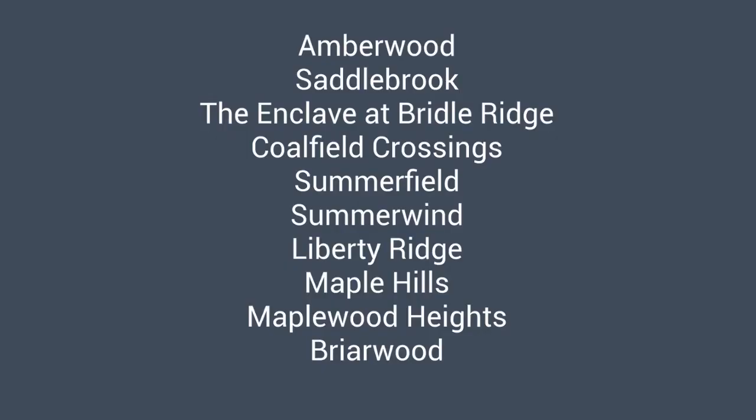The communities I will show you today are Amberwood, Saddlebrook, The Enclave, Coalfield Crossing, Summerfield, Summer Wind, Liberty Ridge, Maple Hills, Maplewood Heights, and Briarwood.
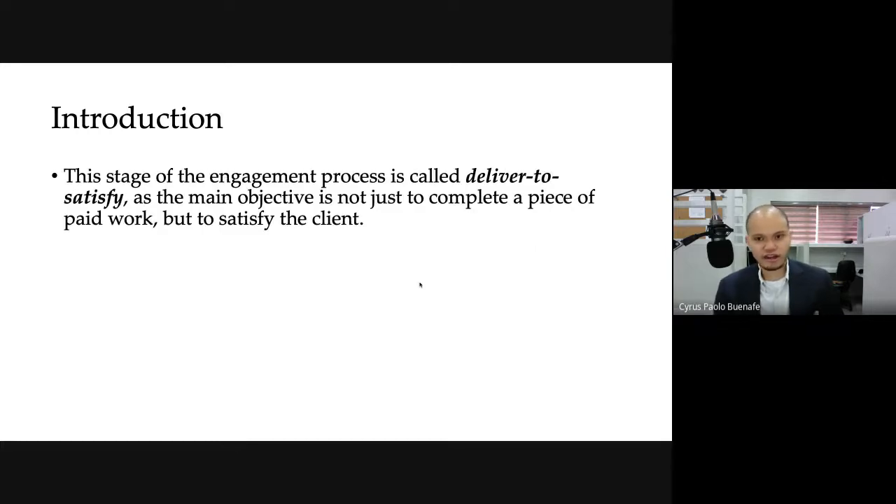We can look at this as the deliver-to-satisfy stage. Before the delivery or deliver stage, you have the proposed stage. At this point, you're done with the proposal, the client is satisfied with it and has given you the go signal. Now you're going to proceed with delivering the engagement. The main objective here is not just to complete the work you're paid to do, but to actually satisfy the client.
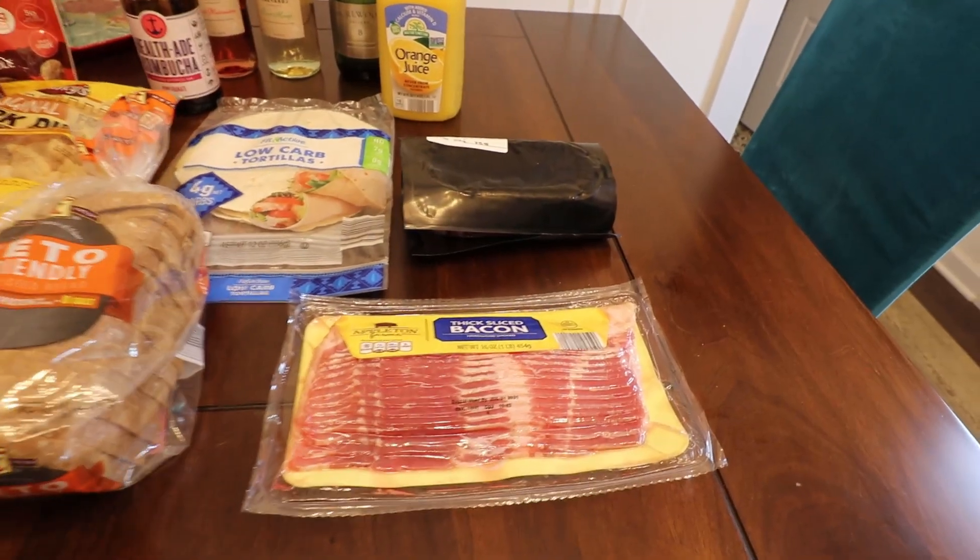Hello friends, what is up and welcome back to my channel, or if you're new, welcome — thank you so much for being here. Today's video is going to be a short, sweet, simple little grocery haul. I went by Aldi and just picked up a few things we needed to fill out the week, plus a bunch more stuff I did not mean to get but got it anyway.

Your instructions =
Write out nothing but the lines from the start of the data through the line with "We can look". Leave out the pictures.

Finished exercise =
The communities I will show you today are Amberwood, Saddlebrook, The Enclave, Coalfield Crossing, Summerfield, Summer Wind, Liberty Ridge, Maple Hills, Maplewood Heights, and Briarwood.
We can look at this as the deliver-to-satisfy stage. Before the delivery or deliver stage, you have the proposed stage. At this point, you're done with the proposal, the client is satisfied with it and has given you the go signal. Now you're going to proceed with delivering the engagement. The main objective here is not just to complete the work you're paid to do, but to actually satisfy the client.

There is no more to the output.